• professional anecdotal

    I have been observing the subtle art of the professional anecdote.

    As someone pointed out to me recently, LinkedIn and other similar networks, along with individual websites like this very site, a professional-ish blog, are rife with people wearing masks.

    Professional masks, of course. People post on sites and blogs like LinkedIn and their own portfolio websites and almost unanimously do so wearing a kind of digital mask. That is to say, much of what you read here, there and other similar places is almost certainly, to a degree, appropriately, necessarily, and interestingly performative.

    Not in a bad way. Rather, it is performative in a work way.

    We are all trying to be professionals, and build up a facet of our identities online that normally we would reserve for the office.

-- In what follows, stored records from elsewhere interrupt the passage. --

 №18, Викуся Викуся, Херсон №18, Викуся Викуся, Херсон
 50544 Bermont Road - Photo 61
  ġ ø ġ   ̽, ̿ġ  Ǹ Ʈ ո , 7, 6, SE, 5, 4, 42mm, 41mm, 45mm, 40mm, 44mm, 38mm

    And this leads to the fine art of the professional anecdote. How does one tell a work appropriate story that is simultaneously a little humorous, a little insightful, and all around something that might be the kind of story one would feel perfectly comfortable telling at a meeting or a conference or to a client? 

    A few minute before I sat down to write this a former colleague of mine, can I call him a colleague? Someone with whom I did business in the past to whom I am now connected on LinkedIn, wrote a little story about how on the way to catch a cross-country flight to attend a business meeting recently he encountered a faulty gas pump while refueling his rental car, soaked his only pair of shoes in gasoline, and consequently had to think on his feet (groan) while navigating airport security, a crowded flight, and an important business meeting. A little humourous. Insightfully relatable. And assuming it was told with a tact, perfectly the kind of story that one could tell at the start of a meeting with just about anyone. Professionally anecdotal.

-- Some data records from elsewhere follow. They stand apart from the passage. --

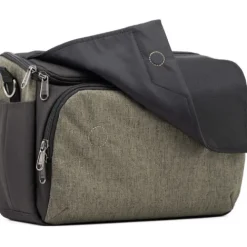 Think Tank Slings, Shoulder & Messenger Bags><noscript><img width=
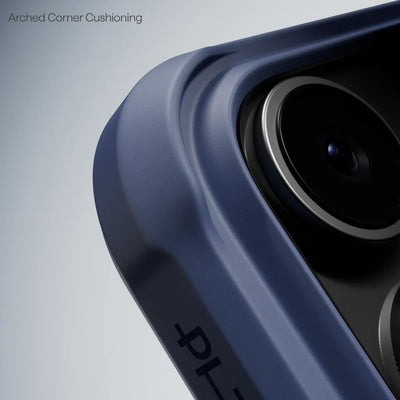 غلاف بيتاكا أراميد بروغارد لآيفون 17 برو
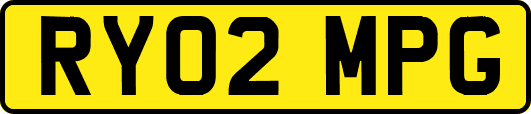 RY02MPG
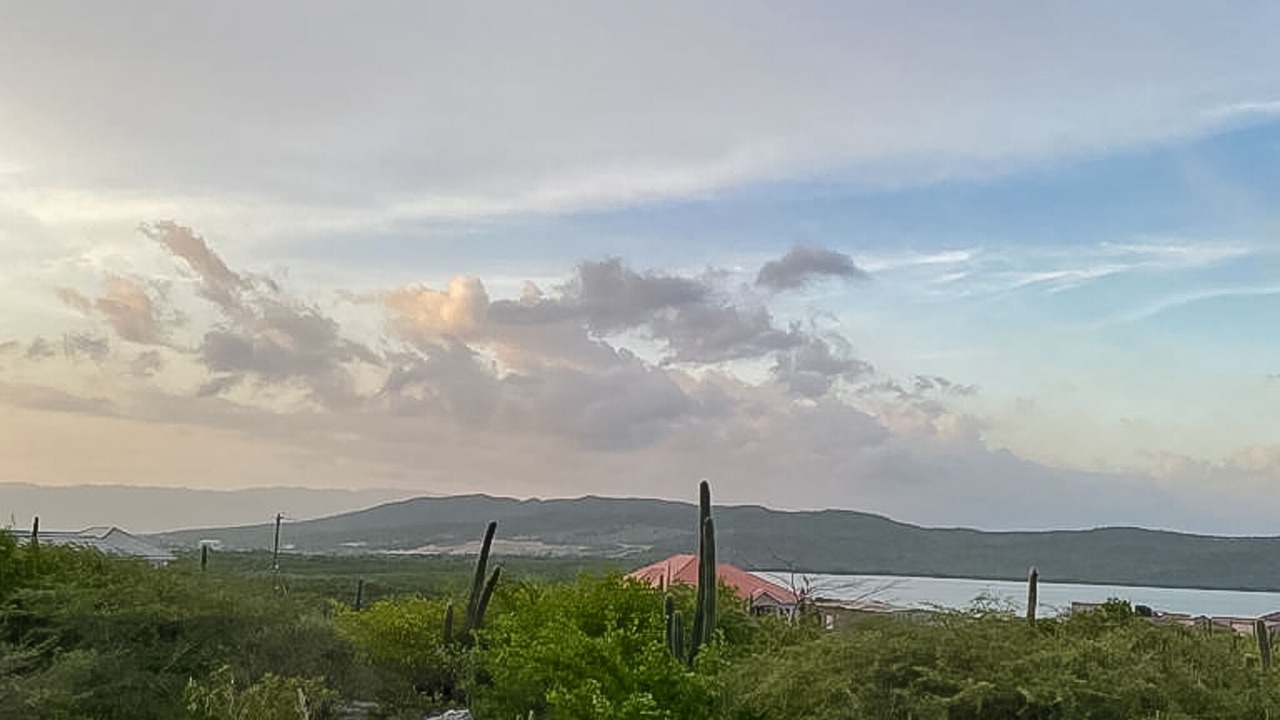 Photo of Outdoor in Hellshire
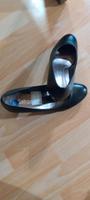 Damen Schuhe Gabor neu ungetragen Nordrhein-Westfalen - Schwelm Vorschau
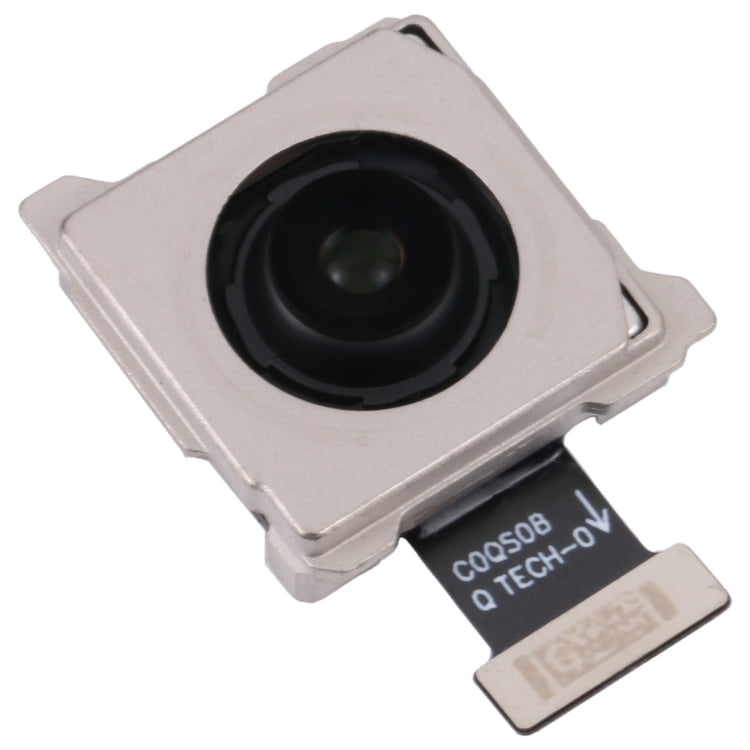 สำหรับ OnePlus Nord 2 5G กล้องหลังหลัก, For OnePlus Nord 2 5G (Main)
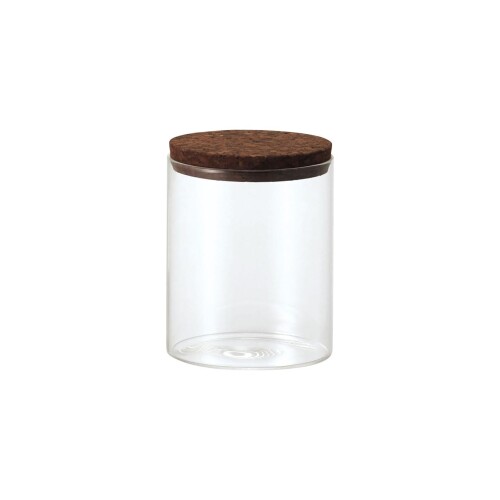 Clay Glass Cylinder with Cork_9.5Φ1#028 9.5Φ12H 1入 CC777411-028 サイズ : 直径9.5×高さ12cm カラー : #028 ダークブラウン 材質 : ガラス 原産国 : 中華人民共和国 植物標本スタイルのアレンジに適したシリンダー型です。 商品コード20081656835商品名Clay Glass Cylinder with Cork_9.5&Phi;1#028 9.5&Phi;12H 1入 CC777411-028型番CC777411-028サイズ直径9.5&times;高さ12cmカラー#028 ダークブラウン※他モールでも併売しているため、タイミングによって在庫切れの可能性がございます。その際は、別途ご連絡させていただきます。※他モールでも併売しているため、タイミングによって在庫切れの可能性がございます。その際は、別途ご連絡させていただきます。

    And it is an art form that while often derided a bit pejoratively, just as I did to a degree when I noted that this is a kind of performative mask wearing, it is also a part of professional decorum that is vital to anyone in business these days.

    I note this second take because on LinkedIn lately I have seen some people, clearly the kinds of folks who have crafted long and careful perceptions online to their colleagues, suddenly shift into deep and divisive political opinion, telling stories that tick all the boxes as above, but then also make people a little uncomfortable regarding the state of the world these days, from almost every perspective one might imagine.

    So I wonder: is this a blip, and will the fine art of professional performance online shift back to the apolitical “a funny thing happened to me on the way to work” anecdotes? Or are we entering a refreshened era of tinting those masks to match our political colours to better understand with whom we are doing business?


  • strategic simplicity

    I write all of these things I post into an offline word processor first.  Then I do some light editing, copy and paste into the blogging software, and then ultimately push publish.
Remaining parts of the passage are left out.